Analysis: Cash-Loving Investors Dive In Despite Threat of US Rate Cuts on Payouts
By Suzanne McGee
A favorable period for cash investments may be coming to an end as the Federal Reserve prepares to cut interest rates. Nonetheless, many investors remain committed to their cash holdings.
According to data from the Investment Company Institute, U.S. money market assets reached a record $6.24 trillion in August, even as market expectations rose for a rate reduction during the Fed’s meeting scheduled for September 17-18. Such cuts are anticipated to lower money market yields, which recently stood above 5%—a rate that seemed unthinkable a few years ago. Interestingly, evidence shows that individual investors have not been retreating from cash despite the prospect of lower yields; approximately $100 billion flowed into money markets throughout August, as reported by data analysis firm EPFR.
Retired teacher and baseball coach Vance Arnold, 71, from Fayetteville, Arkansas, currently holds about 80% of his seven-figure portfolio in money markets and other cash equivalents. He stated, “We don’t feel any need to move our money,” and noted that yields have jumped from near-zero levels to between 4.5% and 5.2%, expressing satisfaction with even slightly lower yields.
The resilience of money markets exemplifies how cash has regained status as a competitive asset class alongside stocks and bonds—a notable shift in the investment landscape since the COVID pandemic. Notably, money market assets have increased by $313 billion this year, according to Crane Data, despite substantial stock market gains and expectations of forthcoming Fed rate cuts.
Cash is considered one of the safest and most liquid asset classes, making it particularly appealing for retirees and investors seeking returns while remaining cautious. Although future yield declines are anticipated, they are expected to remain significantly higher than the near-zero rates of past years—an era when well-known hedge fund manager Ray Dalio famously labeled cash as "trash."
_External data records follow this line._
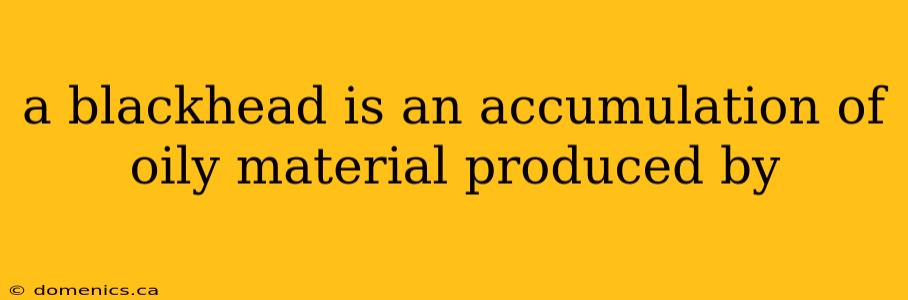 a blackhead is an accumulation of oily material produced by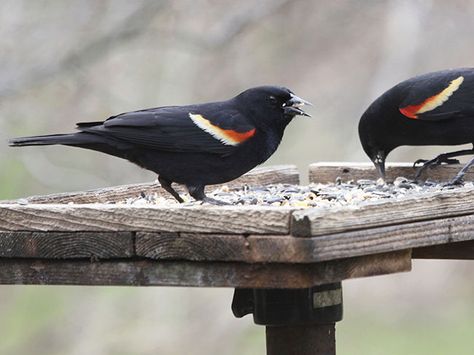 This simple project makes an ample feeder for serving a flock of seed eaters. Crow Platform Feeder, Platform Bird Feeder Diy How To Build, Crow Feeder Diy, Platform Bird Feeder, Animal Enrichment, Make A Bird, Make A Bird Feeder, Backyard Sanctuary, Bird House Kits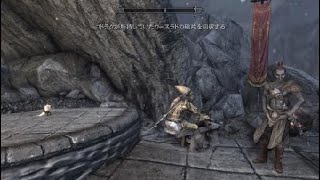 Skyrim_20221125112322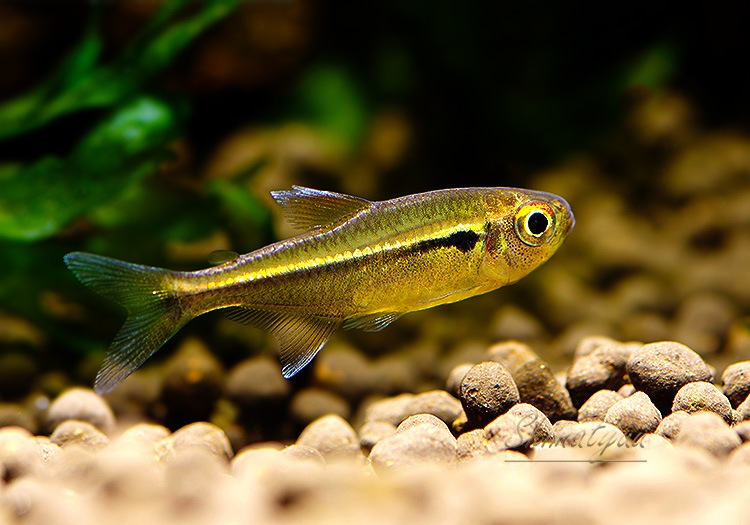 ϥե֥ꥳ.cf. إƥ֥ApuiɡWILD1ɤ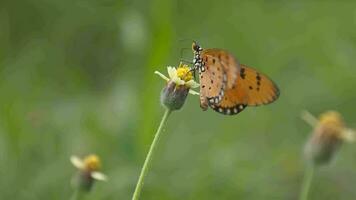 Closeup of butterfly, macro of butterflies video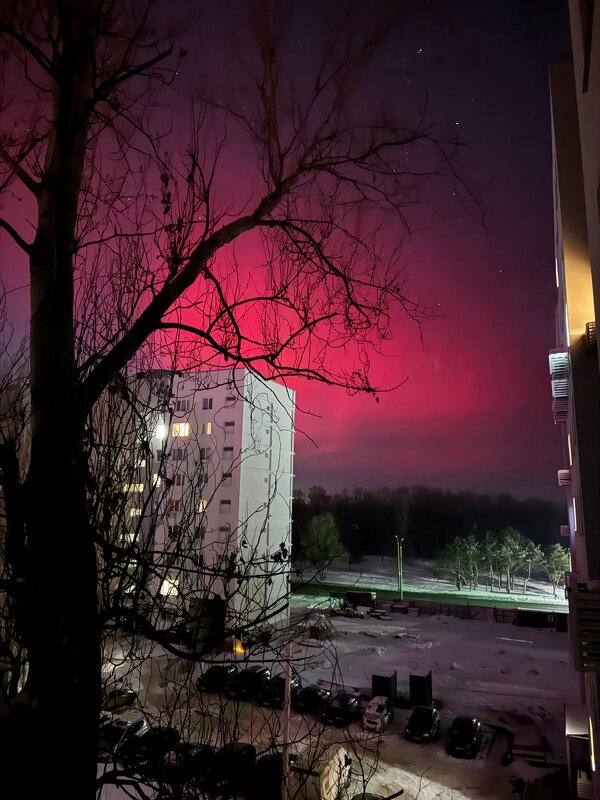 Северное сияние с 19 на 20 января 2026 год - Татьяна Пальчикова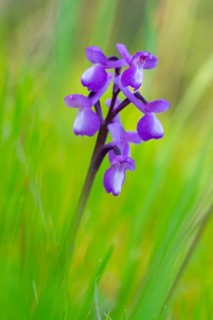 A stunning close-up of the purple Anacamptis champagneuxii orchid, flourishing amid vibrant green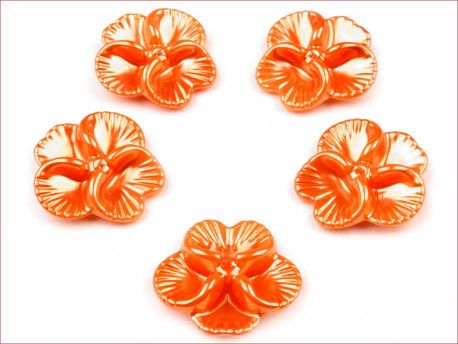 koraliki bratki pomarańczowe
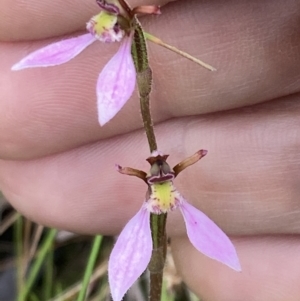 Eriochilus cucullatus at Fadden, ACT - suppressed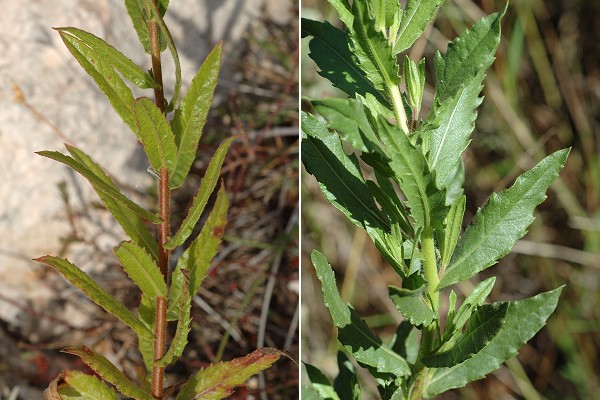 Montagne de Regagnas (Bouches-du-Rh�ne), 8 octobre 2007 / Le Logis Neuf, Marseille (Bouches-du-Rh�ne), 2 octobre 2005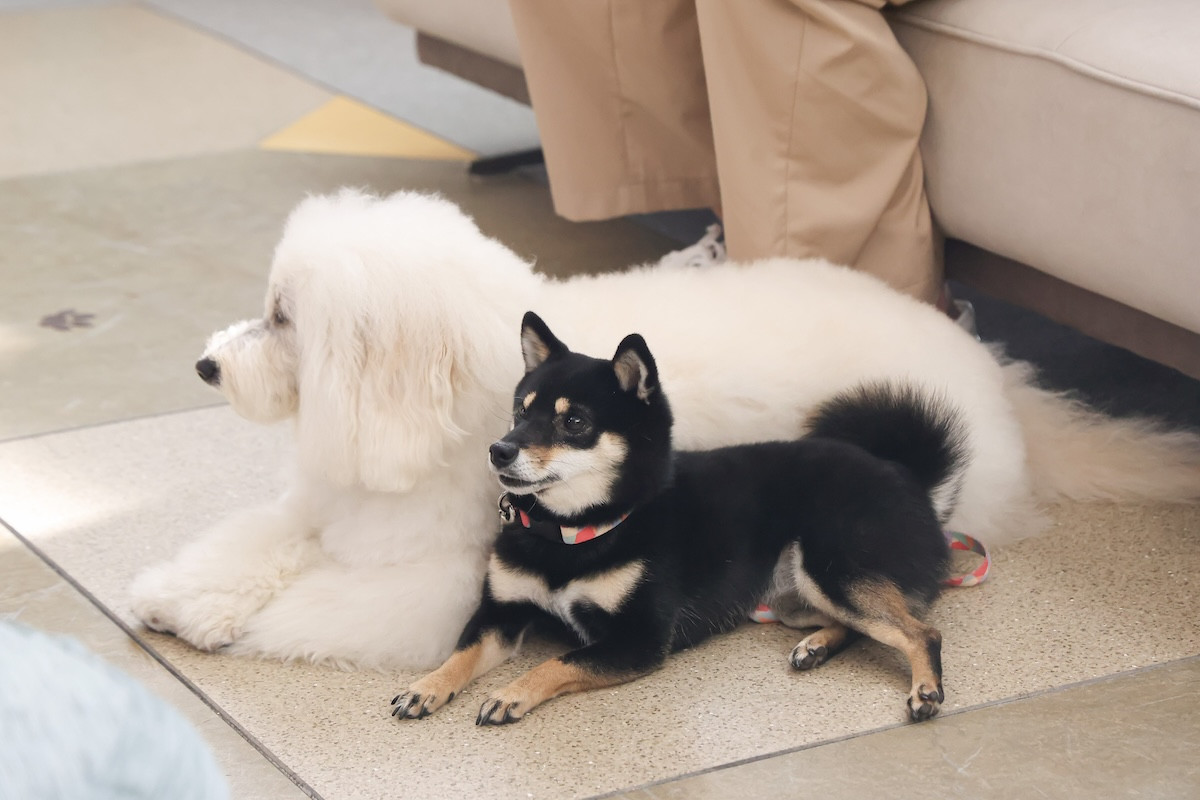 『初恋DOGs』“愛子”清原果耶＆“快”成田凌、キスシーンに称賛続々「まさかの愛子から」「さいっこう!!」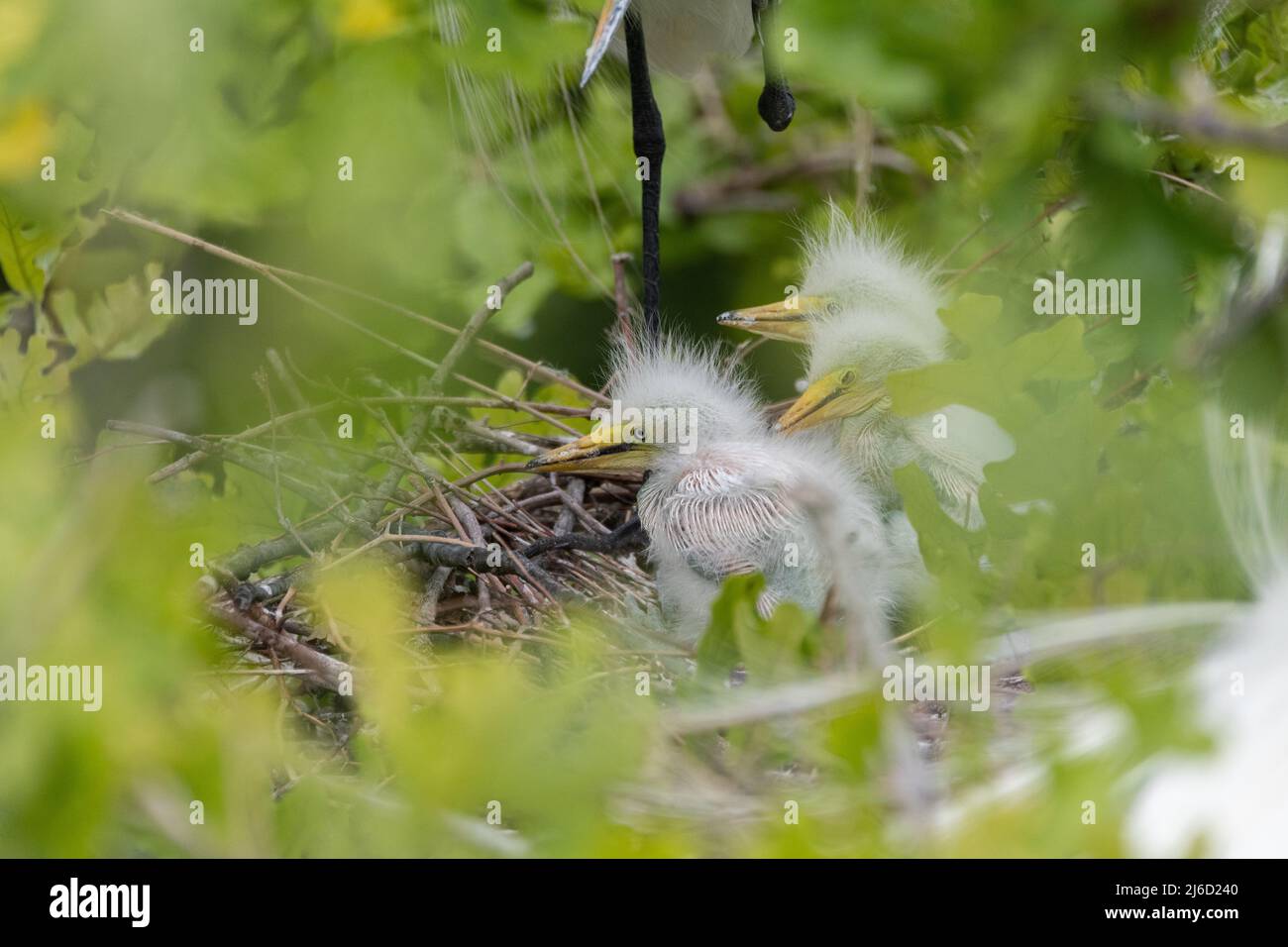 A trio of fuzzy Great White Egret babies in their nest partially hidden by leaves high in the trees at the UTSWMC Rookery in Dallas, Texas on a spring Stock Photo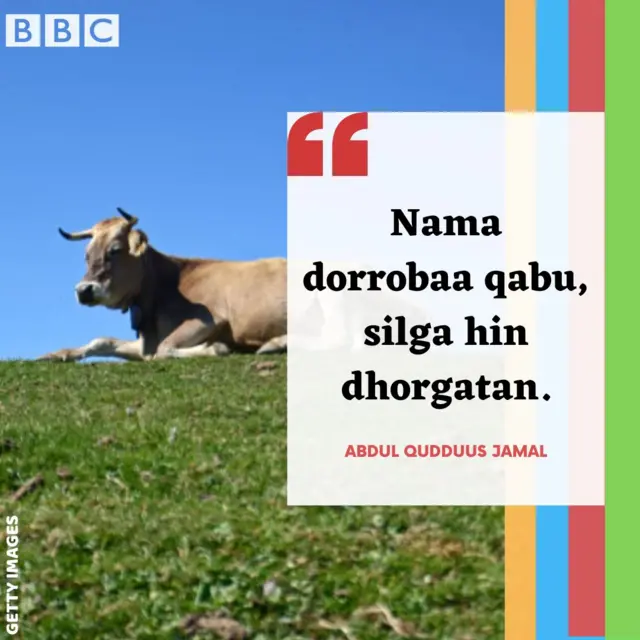 Mammaaksa Oromoo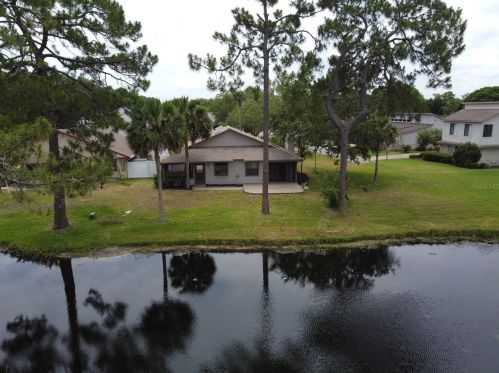 136 Snowgoose Ct, Daytona Beach, FL 32119-1335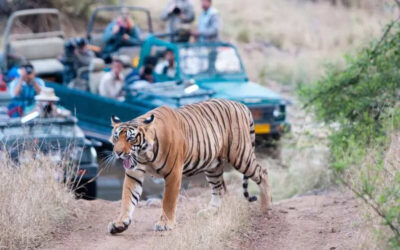 msid 121170964imgsize 57878.cms https://jaipur.visitinrajasthan.com/wp-content/uploads/2023/10/cropped-cropped-R-2.png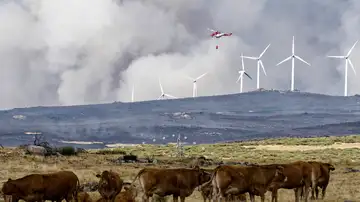 Incendio en Ávila Incendio en Ávila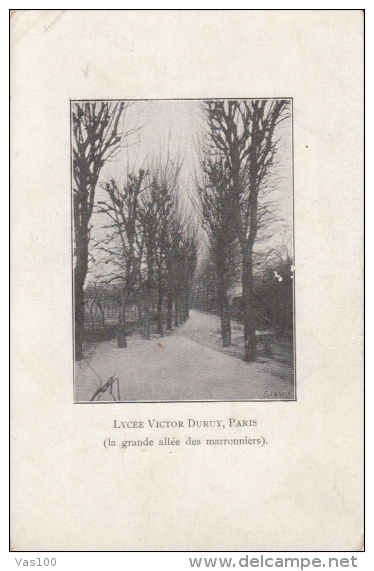 CPA E VELLOIS- TREES IN WINTER - Herrlich, Lotte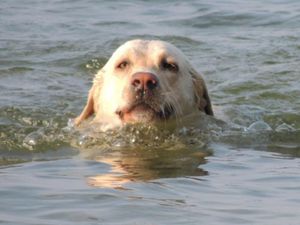 Binz - sehr hundefreundlich, überall !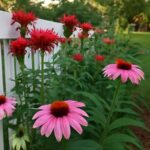 Bee balm, coneflowers, and swamp milkweed growing in a pollinator garden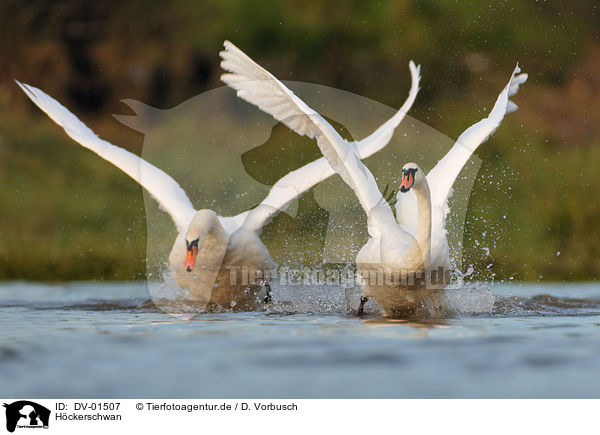 Hckerschwan / mute swan / DV-01507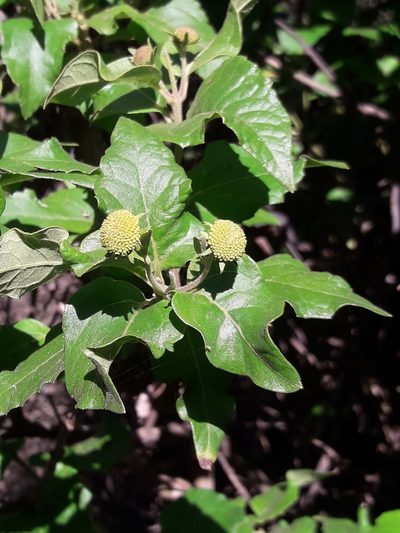 Podanthus ovatifolius, photographed by David Gutiérrez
Investors are also retaining cash due to concerns over elevated stock valuations, following an 18% rise in the stock market year-to-date that brought indices to record highs, as well as uncertainty surrounding the upcoming U.S. presidential election.
However, there is a risk that investors too heavily focused on cash could miss out on superior returns in other asset classes. Historical data by Hartford Funds reveals that cash has typically returned an average of 2% in the 12 months following a Fed interest rate cut, while stocks have generated returns of 11%, and Treasury bonds have yielded 5%.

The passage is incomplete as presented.